1 – 4 October 2014

‘An Ode to Tangail Weaves’ exhibits the metamorphosis of Tangail sarees. The show transcends time, depicting the transformation of taant over the last few decades. In the interest of the future of Bangladesh’s fashion textile, the designers of FDCB have worked to create ensembles with Tangail handloom to unveil the potential of taant fabric.
In recent years, Tangail taant industry has experienced encouraging growth. Amongst the many handloom fabrics Tangail taant has retained a distinct identity and popularity both at home and abroad. The practice of the traditional format of its design and weave in lengths of six or seven yards with fine patterned border, is still being exercised by the artisans of Tangail taant. The light airy fabric balanced with a well-woven ground, stands as a testimony to the finesse of the weavers’ creation. In the past, the Tangail saree was worn by both royalties and commoners, and at present we see no change in admiration for the Tangail sarees.
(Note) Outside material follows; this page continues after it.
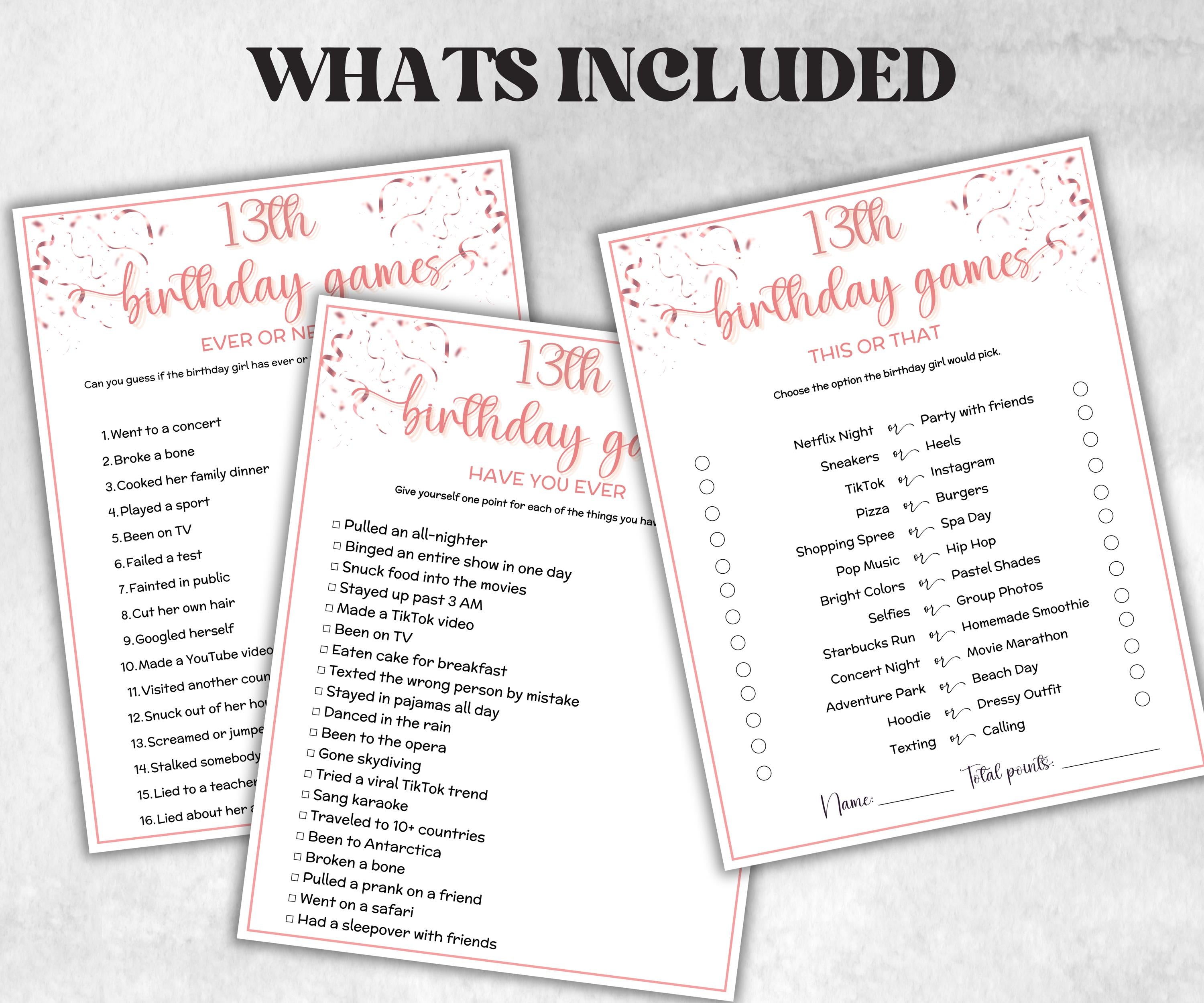 13th Birthday Game Bundle, Pink Thirteenth Birthday, 13th Birthday Party, Born in 2012, large group Game Bundle, Printable Teen group game-Holidays -TheHustlingCatLady-Party Games
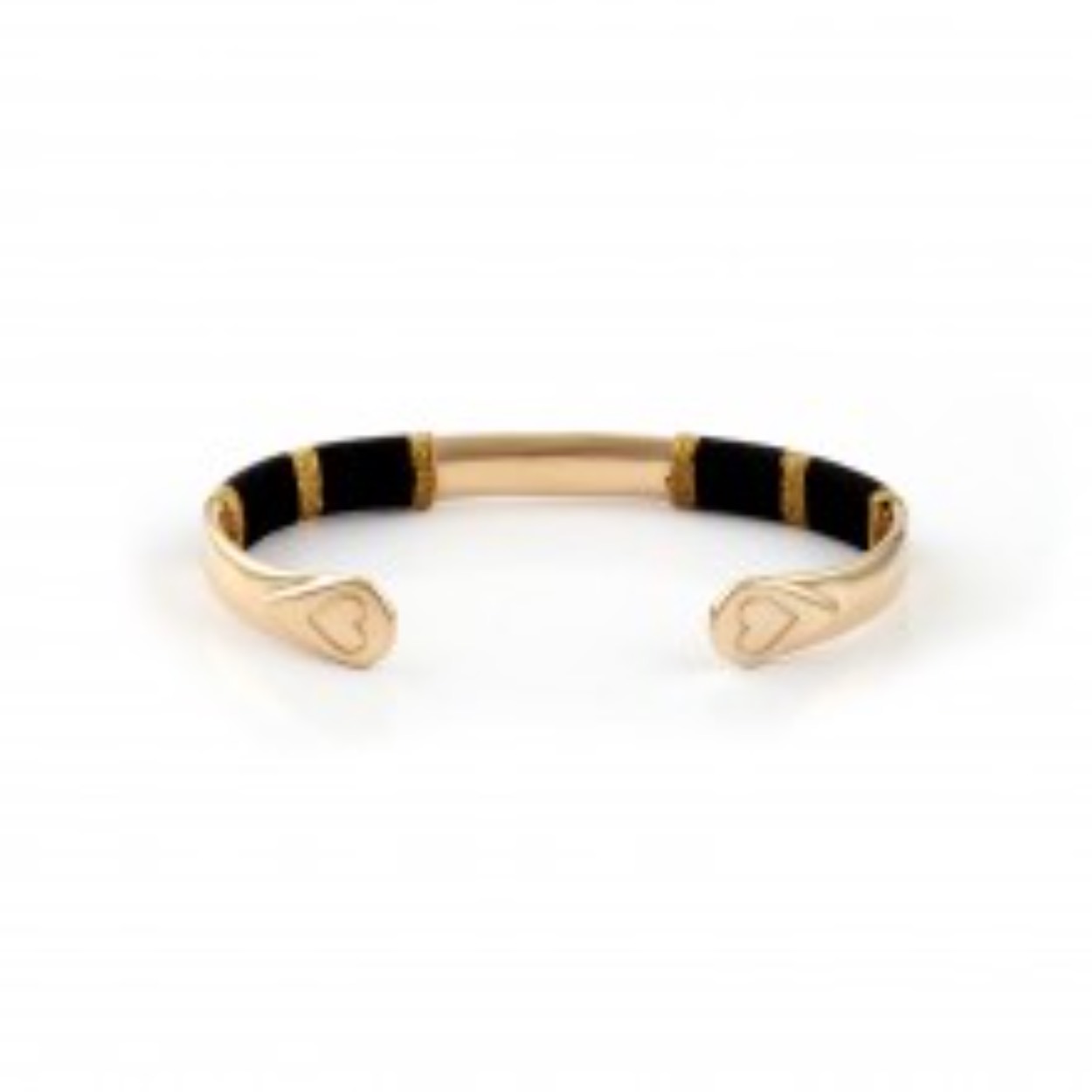 Bangle Rope Plain Black Gold-plated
The Tangail saree, therefore, is destined to withstand the test of time for years to come.


Through Tangail’s  history of weaving we can trace the evolution and influence of design patterns dating back to a thousand years. It is conceived on the loom as a three dimensional garment with variables in pattern weave and structure between its two borders which provide shape, strength and weight while the body enhances its drape. All these elements help maintain the form of the saree when it is worn. Today, however, in Bangladesh, we are witnessing the fast disappearance of the practice of wearing sarees. Young women prefer stitched garments to suit their busy lives. The saree may subsequently survive only as occasional wear. Hence the FDCB, through this exhibition, explores the potential of modernization of taant fabric to suit the needs of contemporary women.